小説

『黄昏を笑う』高平九(『死神』)

「家に、来た……結婚の……約束」
「えーっ、フィアンセがいたの?」
「うん……」
「お母さん知ってた?」
「ううん。初めて聞いた」
「びっくりだぜ」
 この数週間、夜になると昔の男達が良子の部屋を訪れた。予科練に行き特攻隊員として散った幼馴染み。伯父の家の書生だったあの人も南方に出征して帰らなかった。防空壕で良子への思慕を告げた脚の不自由な彼。無理矢理ジープに乗せられてGI達に犯されたとき、一人だけ何度も「ソーリー」と言ってチョコレートをくれた若いアメリカ兵。南方から復員した親友のお兄さん。良子が学生芝居でヒロインを演じたときの相手役。女学校を卒業してすぐに勤めた大手建設会社の同僚。銀座の百貨店にいたときの婦人服売り場の上司。ダンスホールで知り合った名も知らぬ男などなど。夫以外の男達はみんな一度ずつ良子を訪ねてきた。そして昨夜はとうとう園部が来た。
「良子さん。久しぶり」
 園部はかつての快活な気性のままに良子のベッドの脇に立った。ほんとうに久しぶり。良子は心の中で言った。男達と話すときは声を使わずとも心の中で話すだけでいい。心の中での良子は饒舌だった。なかなか来てくださらないから忘れられたのかと思ったわ。そうそう、本当はね。20年ほど前に一度お見かけしたんですよ。電車の中で。
「そうかい。なら声をかけてくれればよかったのに」
 あたしはすぐに気が付いたんですよ。あっ園部さんだって。でも、あなたは連れの方と話すのに夢中でなかなか目の前にいるあたしに気付いてくださらなかった。そのうちに座席を立って電車を降りてしまった。悲しかったわ。

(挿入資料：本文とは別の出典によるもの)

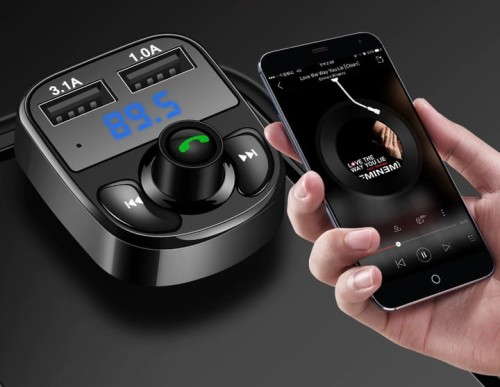 TRANSMITER-BLUETOOTH-FM-MP3-SD-LADOWARKA-2xUSB-Funkcje-ladowarka-USB-zestaw-glosnomowiacy.jpg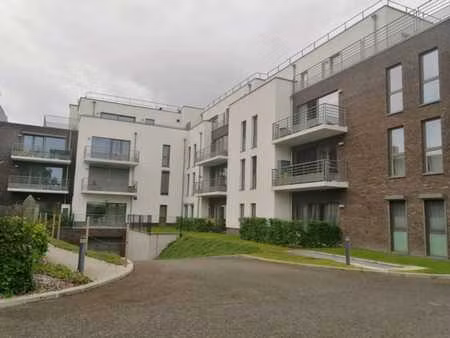 très bel appartement 2 chambres au centre de jurbise avec gr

「そりゃあ悪かったね。でもいいだろう。こうやって君を探し出したんだから」
 園部は手すりに縛り付けられた良子の手を両手に包むとそっと口づけした。昔と同じ爽やかなコロンの匂いがした。
 ねえ。あなたと結婚してたら、あたしもっと幸せになれたかしら。
「そんなこと考えても空しいだけだよ。人生は一度きり。それ以外はすべて幻に過ぎない」
 そうか。良子はそのときに気付いた。あたしはこの生真面目な園部より、ひたすら自分を楽しませてくれる夫を選んだんだ。
「……あなたも……恋、なさいね」
 良子は玲香にそう言うと精一杯の力で笑いかけた。
「うん、わかった。いっぱいいっぱい恋するね」
「やくそく……」
「うん。約束」
 玲香は良子の小指に自分の指を絡ませてゆび切りげんまんを歌った。玲香の大きな目が涙で揺れていた。